Woke up this mornin,

Checked my belgian, and had a blow out. lol

What a mess, anyway, Cleaned it all up and ran a thicker clear blow off tube into a litre of diluted star san

Alls good this arvo.


----------



## DanRayner (31/1/11)

Made a Belgian strong dark recently (from Jamil's book) and it too went nuts:







I had a little trouble getting it to attenuate - so I added a little wort (at the end of another brewday) with some champagne yeast called "killa" or something to the keg and I've been blowing off the pressure relief valve every day since (seems like a totally unrepeatable brew but ... meh...)


----------



## Fuggle (31/1/11)

Haha,

What yeast did you use ???

Mine was lagging all day on Sunday, I was a bit worried something went wrong.

Cheers


----------



## argon (8/2/12)

Considering doing a Belgian Dark this weekend with the basis being the same recipe as the OP, from Jamil. Wouldn't mind some feedback from those that are more familiar with the style.
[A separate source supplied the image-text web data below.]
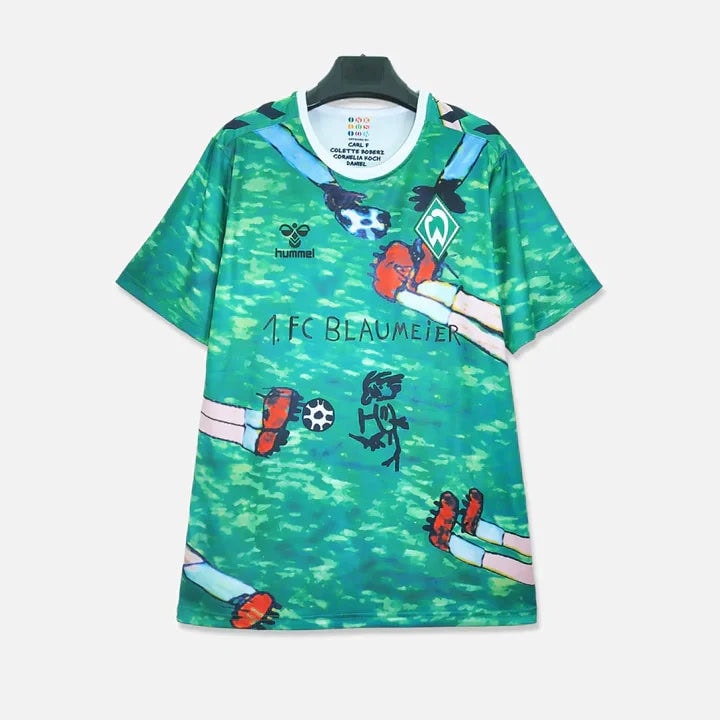 9db620f4cbfb46bdb11588eed606eb27_720x_4e4aab5f-a54b-4195-9cfa-807736d2bca7 | AE JERSEY Green graphic soccer jersey on a hanger with playful arm illustrations, featuring the 1. FC Blaumeier name and the hummel logo.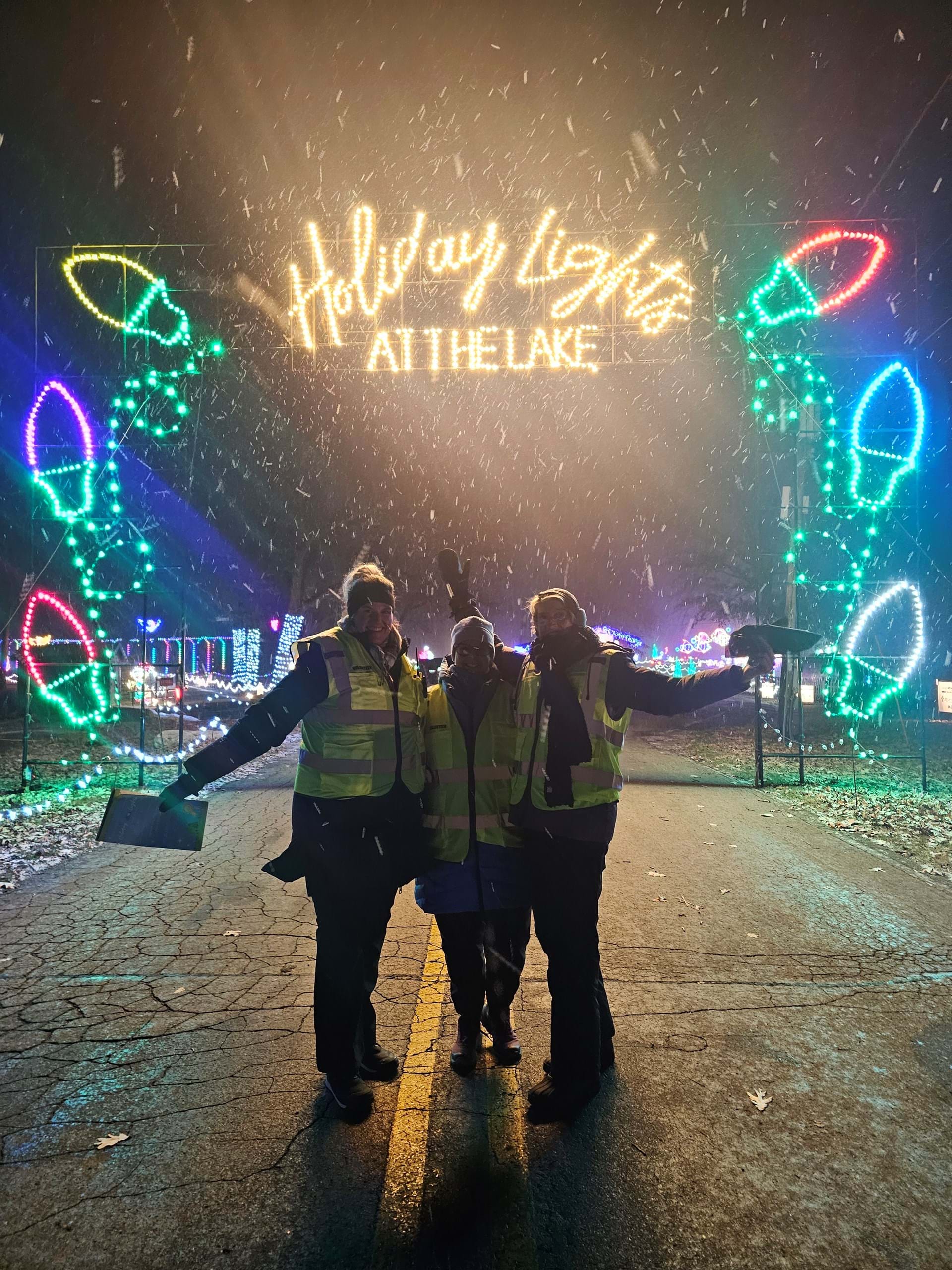 Volunteers Greet Guests at the Holiday Lights at the Lake Entrance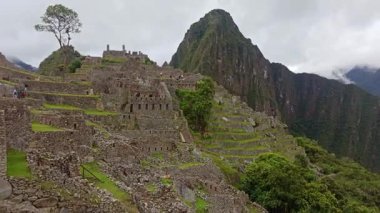 Machu Picchu ancient city view from Huchu'y Picchu in cloudy weather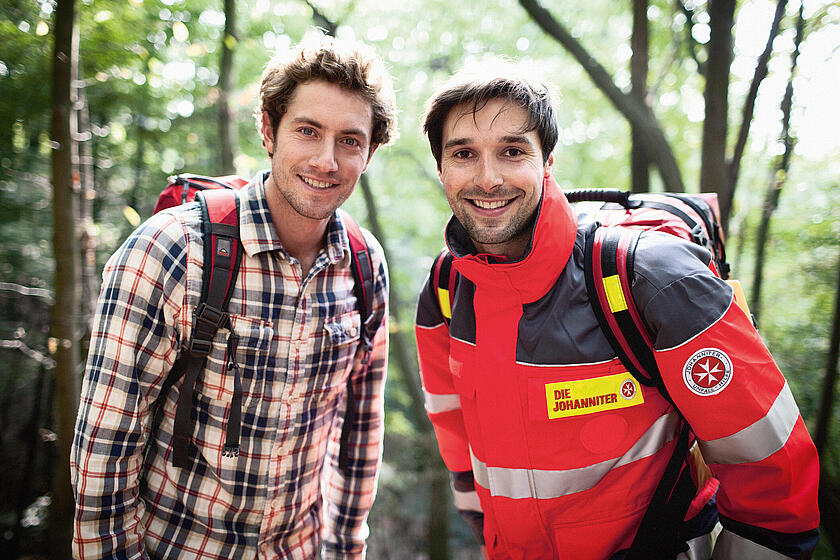 Ein Johanniter und ein weiterer Mann stehen nebeneinander in einem Wald und lächeln in die Kamera.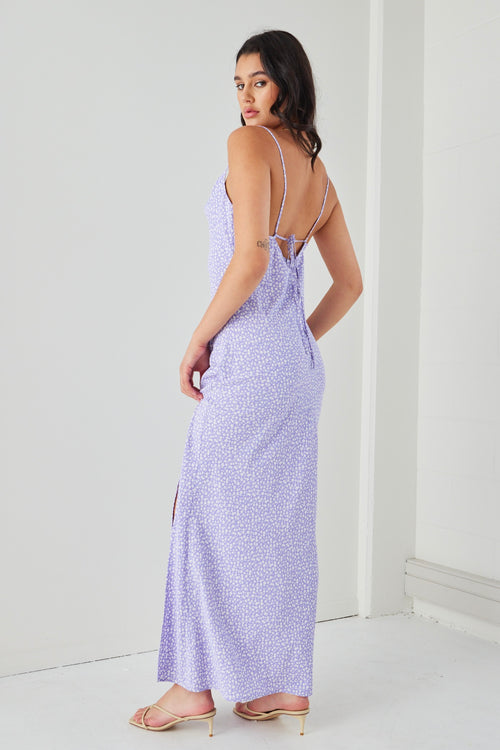 Model wears a lilac floral dress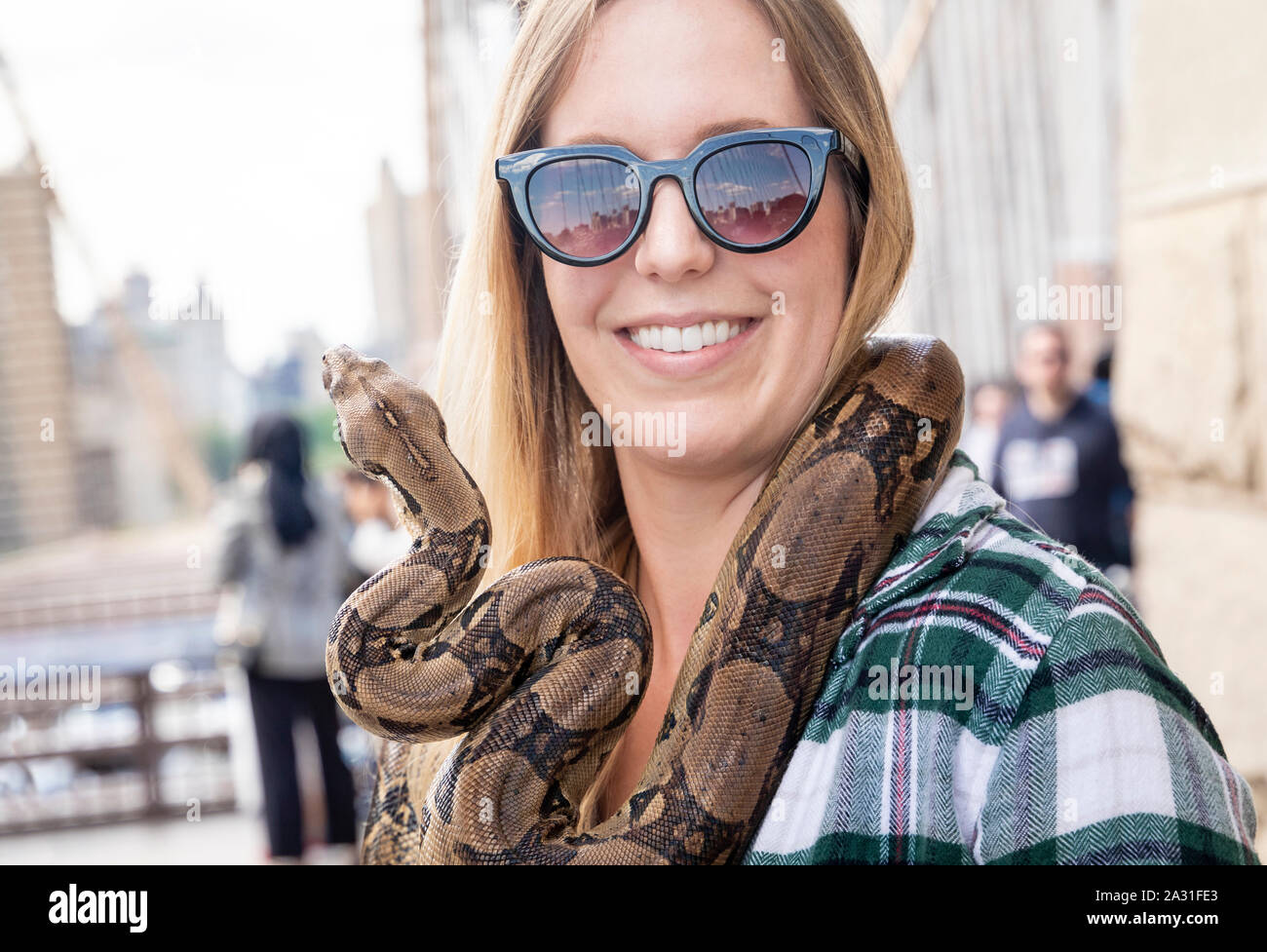 Young, twenties female tourist with a large snake around her neck on the Brooklyn Bridge in New York City, USA. Stock Photo
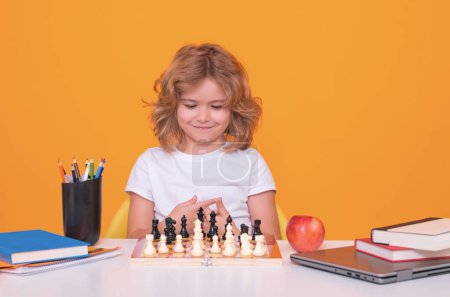 Photo for Child play chess on studio background. Kid playing chess. Clever child thinking about chess. Kids early development - Royalty Free Image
Some changes i'm considering making are:
- subbed out sugar for Belgian Candi Syrup 
- will use WY 3522 Ardennes i've got and will fire up tonight.
- subbed out Hallertau for Saaz i have and added a 20min addition for some hop spiciness
- lower the sach temp from 67C to 65C

Ferment at 20C up to 22C
Bottling half in champagne bottles and half in 500mL bottles

Probably do a single batch for the first time in 2 years. Although would be nice to have more to age. But considering it's my first attempt at the style would like to nail it first before doing a big batch. 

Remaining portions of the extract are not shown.